As of 2025, you cannot buy new music as iTunes Plus from Apple directly. The iTunes Store has been replaced by Apple Music (streaming) and the Apple Music Store (still selling downloads, but increasingly de-emphasized). However, the itunes plus aac
Even though the "iTunes Plus" label is gone, you can still build a library of equivalent files:
Whether you are ripping a CD, buying a digital album, or converting a FLAC library for portable use, choose 256 kbps AAC. Call it what you want—iTunes Plus, Apple AAC, or just "good audio"—but know that you are listening at the peak of lossy compression. Your ears will thank you.

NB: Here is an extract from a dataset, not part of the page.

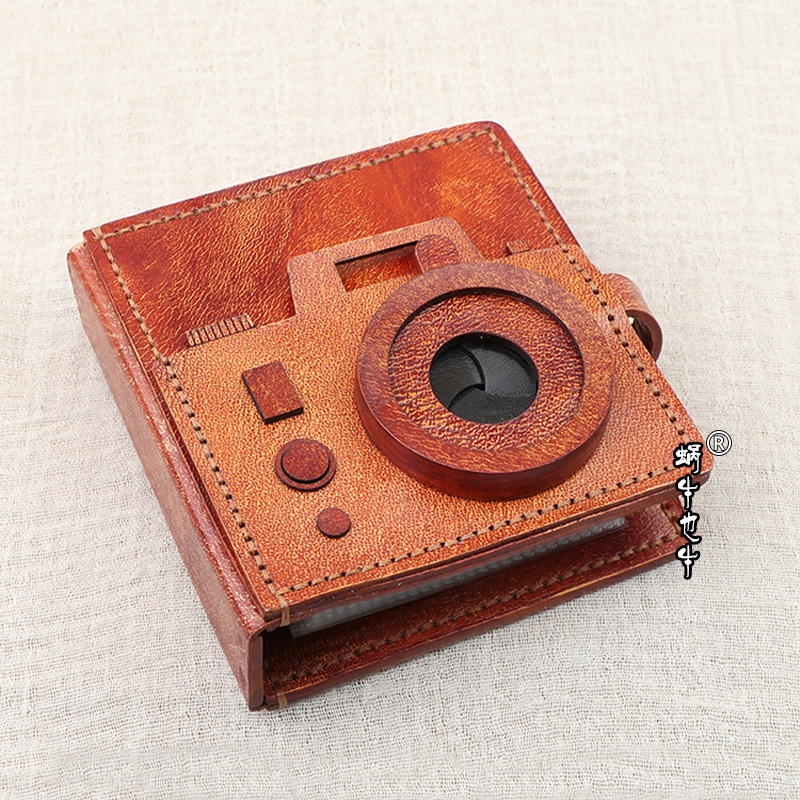 Handmade Genuine Leather Photo Album, Original Creative Camera Lens Small Mechanism Photo Album, Polaroid Postcard Commemorative Storage Album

While audiophiles may still demand lossless formats for archival purposes, iTunes Plus AAC established a "gold standard" for everyday listening—high quality, manageable file size, and universal compatibility. In the early days of digital music, "quality"
Not all AAC files are created equal. Apple’s specific encoder is widely regarded by audiophiles and engineers as one of the best in the industry. Music sold on the iTunes Store today often falls under the Apple Digital Masters
Do you still buy music, or are you all-in on streaming? Let me know in the comments below! 🎧
No format is perfect. The only real drawback of iTunes Plus AAC is . While modern smartphones, Macs, Windows (with a codec), and Linux (with FFmpeg) all handle it fine, some legacy devices—old in-car CD players with USB ports, cheap MP3 players from 2010, or certain video game consoles—may gag on .m4a files. They expect .mp3. For the archivist, yes
: Files have no Digital Rights Management, meaning they can be played on any device that supports the AAC format, not just Apple hardware.
AAC (Advanced Audio Coding), standardized in 1997, utilizes much smarter psychoacoustic modeling.
When Apple launched the iTunes Store in 2003, it revolutionized the music industry by selling individual songs for $0.99. However, these files came with a catch: they were Protected AAC files with a bitrate of 128 kbps. These files were locked down by DRM (FairPlay), meaning you could only play them on Apple-approved devices. If you switched to a Microsoft Zune or a generic MP3 player, your purchased music library was useless.